Programmer Special Edition: Sign Language Tracker II

Recap

We used a webcam with OpenCV and Google Mediapipe to identify human hands in real time. We then extract the landmarks coordinates, pre-processed it, and saved it into a csv file. We trained an Artificial Neural Network Machine Learning model to map the landmarks coordinates with a corresponding gesture. Finally, we use the model to recognize hand signs by the player in front of the camera and input data relating to the hands through our game.

Retrain the Model

After halves, we started to collect data from all of the team members (Figure 1.1), collecting a dataset with different hand sizes, hand shapes and slightly different representations for signs. We collected data by extracting a collector module from the whole process and installed that module in different machines. This accelerated the data collecting process and resulted a more diverse dataset for our model.

We consulted a sign language expert Erik Pinter to ensure we have the correct sign representation in real case fingerspelling scenarios to keep the dataset fed to the model robust and accurate.

Motion Signs Research

After being able to recognize 24 signs, we worked on the remaining two (J and Z) which requires motion. To achieve this, we use another NN architecture called Recurrent Neural Network (Figure 2.1), to train data with time sequences data.

A Recurrent Neural Network, also known as RNN, is a type of Neural Network where the output from the previous step is fed as input to the current step. In traditional neural networks, all the inputs and outputs are independent of each other. Still, in cases when it is required to predict dependent data such as words in sentences or sequences in time series data. The main and most important feature of RNN is its Hidden state, which remembers some information about a sequence. The state is also referred to as Memory State since it remembers the previous input to the network.
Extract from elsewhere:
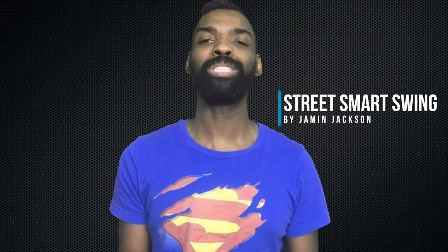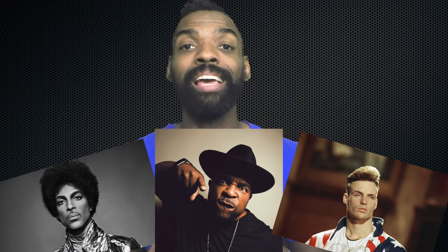Peter Strom is one of the most inspirational Lindy Hoppers of all time. So what do you get when you mix Prince, Sir Mix-a-Lot, and Vanilla Ice? To me, you get Peter Strom. This is one of my favorite dancers of all time.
A traditional RNN has a single hidden state that is passed through time, which can make it difficult for the network to learn long-term dependencies. Therefore we chose another version of RNN called LSTM to overcome this kind of limited long-term dependency learning issue.

LSTM, also known as Long-Term-Short-Memory, is an improved version of recurrent neural network well-suited for sequence prediction tasks and excels in capturing long-term dependencies. LSTMs address the limited long-term dependency learning problem by introducing a memory cell, which is a container that can hold information for an extended period and its applications extend to tasks involving time series and sequences, such as machine translation, speech recognition and image/video analysis.

The specific network we used is a Bidirectional LSTM, that processes sequential data both forward and backwards. We experimented both LSTM and BiLSTM for sign recognizing, there’s no big difference in recognizing J and Z, but might have potential difference for more complex signs if one adds more signs in the future.

Motion Signs Recognition

By observing the sign J and Z, we found out that both of them require to point out a certain finger to do movements. Therefore, we set up a sequence queue to keep track for one specific landmark point aiming by using less data for training a RNN (Figure 3.1). We tracked the pinky finger tip for J and the index finger tip for Z, and we extracted the coordinates of the tip from each camera frame and fed these data into a LSTM.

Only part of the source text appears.